FIG. 8 schematically illustrates the manner in which the FIG. 7 pattern engulfs the head of the user.

DESCRIPTION OF THE PREFERRED EMBODIMENTS

The Figures, except for FIG. 6, all relate to the same embodiment. The embodiment described is a cell phone 10.

As shown in FIG. 1, when the cell phone 10 is in a closed state, two antennas 12, 14 lie flush against an antenna base 16. When the phone 10 is to be used, the user swings open the two cell phone halves as shown in FIG. 2. This exposes the keyboard 18 and mouthpiece 19.

As shown in FIG. 3, the user slides the antenna base 16 to a protracted position so that the ear piece 20 and screen 22 are exposed and the phone 10 is in condition to be used.

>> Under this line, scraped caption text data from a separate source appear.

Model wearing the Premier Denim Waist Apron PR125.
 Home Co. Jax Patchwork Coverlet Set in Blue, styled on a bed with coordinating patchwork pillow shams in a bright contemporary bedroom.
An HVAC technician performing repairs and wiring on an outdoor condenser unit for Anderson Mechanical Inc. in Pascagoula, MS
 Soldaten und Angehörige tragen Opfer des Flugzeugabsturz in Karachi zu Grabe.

As shown in FIG. 4, the two antennas 12, 14 are rotated up into a ready-to-transmit state. These two antennas 12, 14 are a known patch type of directional antenna. They are discussed in the text entitled: “Antenna Theory and Design” (2nd Ed.) by Stutzman and Theile, published by John Wiley and Sons (1998). Chapter 5 therein discusses, among other things, patch type antennas.

Each antenna 12, 14 is designed to transmit information in a cone of radiated electromagnetic energy such as shown in FIG. 5. The antenna 14 is designed to transmit the cone in a forward direction and the antenna 12 in a backward direction. Two antennas thereby increase the likelihood of successful communication. However, a phone having only a single antenna, such as the antenna 14, would be operable and would perform the function of this invention.

As shown in FIG. 4, the directional antennas 12, 14 are arranged to be co-planar. The plane of the antennas 12, 14 is perpendicular to the plane of the base 16 and the plane of the ear piece 20.

FIG. 5 schematically illustrates the nature of the radiation pattern of a typical patch antenna that can be adapted for use with this invention. The main lobe 28, having the axis 36, contains the vast majority of the radiated energy and, in most cases, over 99% of the radiated energy. The amount of radiated energy in the side lobe 30 and in the rear lobe 32 is so low, perhaps 30 db down from the main lobe 28, as to be irrelevant to the object of this invention.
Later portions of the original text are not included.